Unigine provides an interesting way to test hardware. It can be easily adapted to various projects due to its elaborated software design and flexible toolset. A lot of their customers claim that they have never seen such extremely-effective code, which is so easy to understand.
Heaven Benchmark is a DirectX 11 GPU benchmark based on advanced Unigine engine from Unigine Corp. It reveals the enchanting magic of floating islands with a tiny village hidden in the cloudy skies. Interactive mode provides emerging experience of exploring the intricate world of steampunk. Efficient and well-architected framework makes Unigine highly scalable:
- Multiple API (DirectX 9 / DirectX 10 / DirectX 11 / OpenGL) render
- Cross-platform: MS Windows (XP, Vista, Windows 7) / Linux
- Full support of 32bit and 64bit systems
- Multicore CPU support
- Little / big endian support (ready for game consoles)
- Powerful C++ API
- Comprehensive performance profiling system
- Flexible XML-based data structures
We test at 2560×1440 with quality setting at ULTRA, Tessellation at NORMAL, and Anti-Aliasing at x2.
The Titan X is showing staggering tessellation performance. It is averaging more than 30 frames per second more than the overclocked Palit GTX 1080 GameRock Premium Edition – the fastest GTX1080 we have tested so far.
I may be inclined to getting two 1080’s before I ever get a Titan. o,O
Clocks on your overclock seem a bit conservative – I’ve managed to hold a stable +235 core / 675 memory on both cards, giving me a base clock of 1655 and boost to 1770, with a memory clock of 1420, giving me 11300 effective.
Final boost with their boost 3.0 puts me in the 2150-2180 core clock range. Can’t wait to stick waterblocks on them.
and take the wife for supper , damn! 😉
the joys of the silicon lottery I am afraid. I have recently got another Titan X, and it overclocks quite a bit higher.
Yeah it seems I’ve gotten lucky – really lucky in fact, over the last few years. These tx-p’s of mine both top out near 2200 core / 11500 mem, my previous tx-maxwell’s could boost to a shade over 1550 core, and my 5960x can sustain 5.1ghz across all cores @ 1.42v, and I can push a single core to 5.6GHz. Feels like I get danmed lucky, a lot.
Waterblocks for the tx-p’s have become a more complicated problem though – I was planning on going with EKWB for the setup, but it seems the nvidia HB sli bridge the pascal cards use won’t fit with their pascal blocks, so I’ll need another solution there.

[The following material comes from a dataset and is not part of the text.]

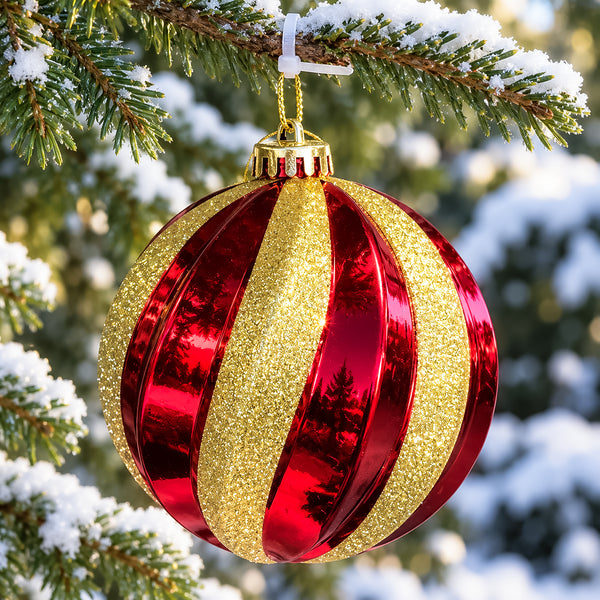 Large red Christmas bauble with curved gold glitter stripes hanging from an outdoor Christmas tree.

It’s kind of crazy to think that if you notice, it took in most cases until the Pascal Titan X and in others the 1080 to beat the 295×2 in a lot of benchmarks. Kind of neat that even if you bought the 295×2 at full retail of $1500USD (in the states) in took two years, a node shrink from 28nm to 16nm, and a Video Card costing $1200 to beat it in a lot of cases.
Are they not benchmarking Doom in Vulkan?
It’s neat that a single card with only around 70% of the shader cores can be equal in performance and consume half the power.
The 295×2 was fast no doubt about it, but by no means was it particularly impressive. Hot as hell, and needed a beastly power supply to feed it. And thats without overclocking.